Before I can begin discussing artworks in this blog, I'd like to put some parameters around my own concept of art and its relationship to the spirit (the soul). Because the definition of "art" varies depending on with whom you're talking, where you're looking at it, and how it's being perceived. It's been debated, discussed, written about, lectured on, and defined by scholars, art critics, dealers, curators, auction house professionals, gallerists, collectors, professors, and artists themselves. So what is it? I don't think anyone has agreed upon one particular definition - but here is my interpretation - formulated during the time I wrote my master's thesis:

Art exists in the space between the artwork and the viewer. It is a movement, a cause and effect, a relationship. It happens when an artwork (painting, sculpture, text, music, etc) causes movement in the viewer - makes them stop what they were doing, stand, look, observe, think, contemplate, consider, debate, become energized, sad, happy, enlightened, disheartened, humbled, encouraged, etc. At some point the soul (heart, mind, etc - however it's experienced by that individual) is moved - put into motion - and is restored to itself or energized from within. From that place of restoration and energy, the soul is then lifted upward to a new place of understanding of either itself or the object being considered. That is art - or rather - that is where art exists.

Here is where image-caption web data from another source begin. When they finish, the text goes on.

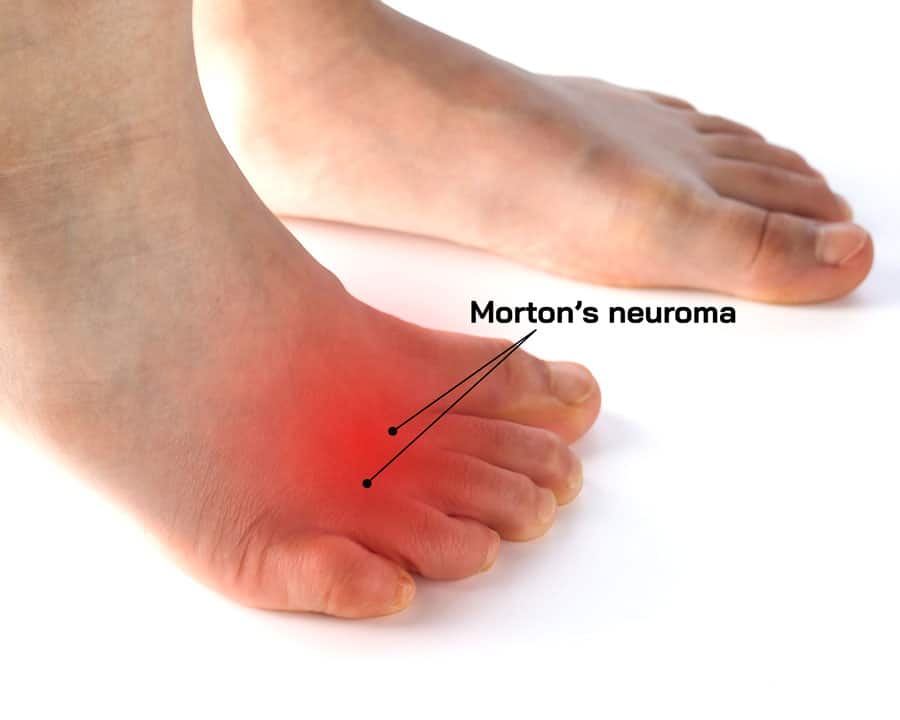 What Causes morton’s neuroma?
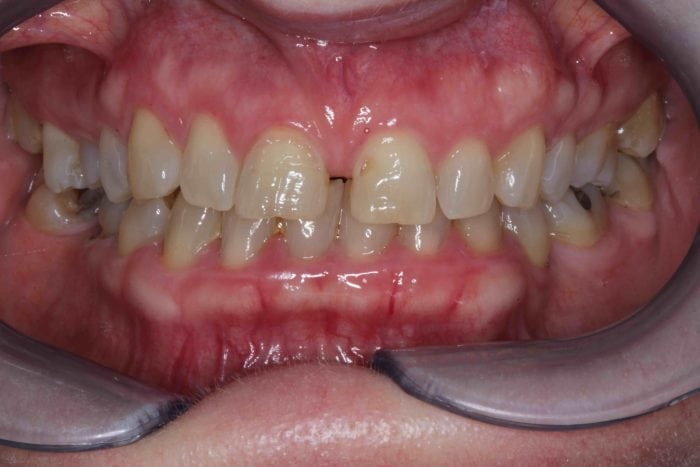 Before And After Dental Bonding Photos Cosmetic Bonding Dentists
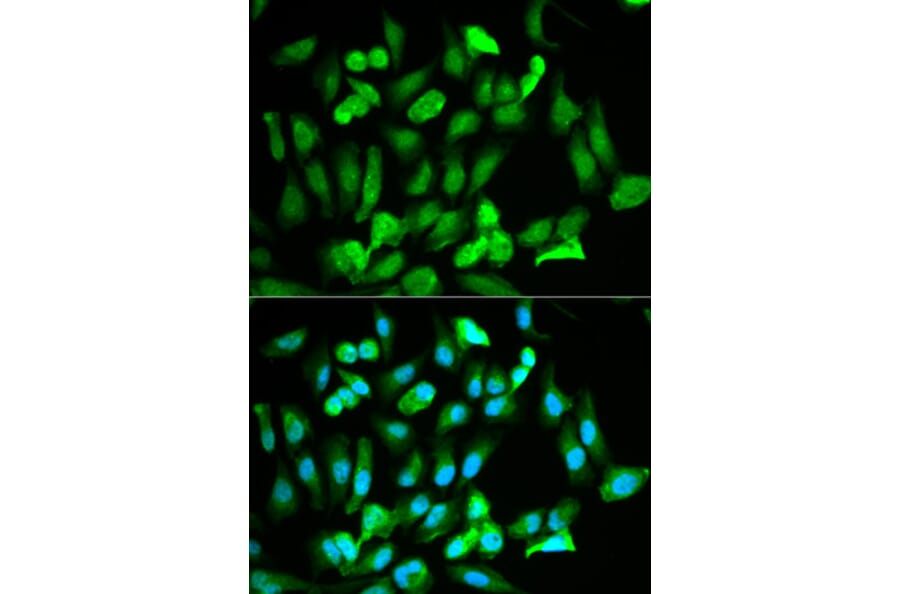 Immunofluorescence - ERG Antibody from Signalway Antibody (32251) - Antibodies.com
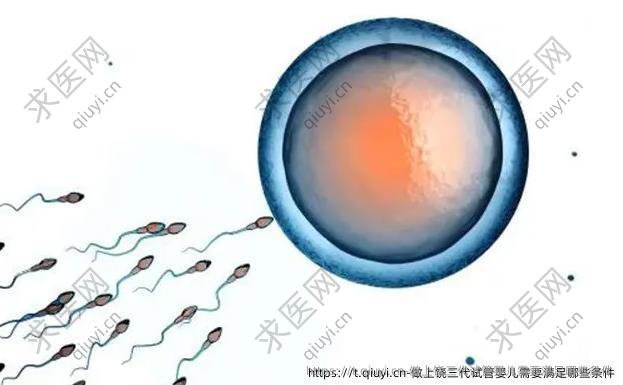 做上饶三代试管婴儿需要满足哪些条件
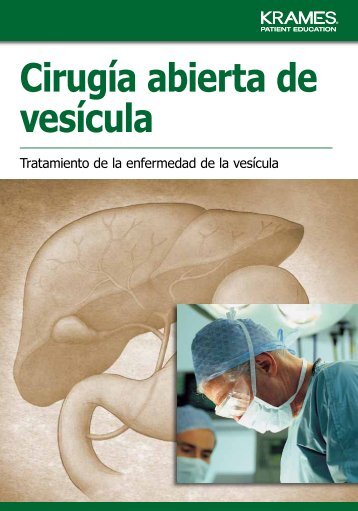 Cirugía abierta de vesícula - Veterans Health Library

So for me, for my first post about the meaning of "spirituality through art" and my observations thereof, I will share this image of Tintoretto's masterpiece, which I viewed for the first time in Venice in 1997. It literally stopped me in my tracks, forced me not only to look, but to "see" with my mind's eye the real, historic suffering of Jesus Christ - through not just the Protestant cerebral understanding of what Christ's death symbolizes - but what Jesus, the man, actually went through during his physical suffering and death, as Tintoretto so dramatically brought to our attention. In other words, it actually happened -- and this is what it most likely looked like -- a very real crucifixion in a larger context of onlookers, executioners, mourners, witnesses, and landscape, including heaven's response through the darkened skies above.

And in this process of my own spiritual conversion while viewing this painting, I also experienced a deep and powerful understanding of both the power of an artwork (either religious in subject matter or not) and an individual's ability to receive this artwork and be moved by it. The experience changed my life forever; it led the way towards my confirmation in the Catholic church a year later, and opened the door to a new journey for me in which I began my graduate work and career exploring theology, art history, art theory/aesthetics, philosophy, and the trials and tribulations of the art market. It has been and continues to be quite an adventure.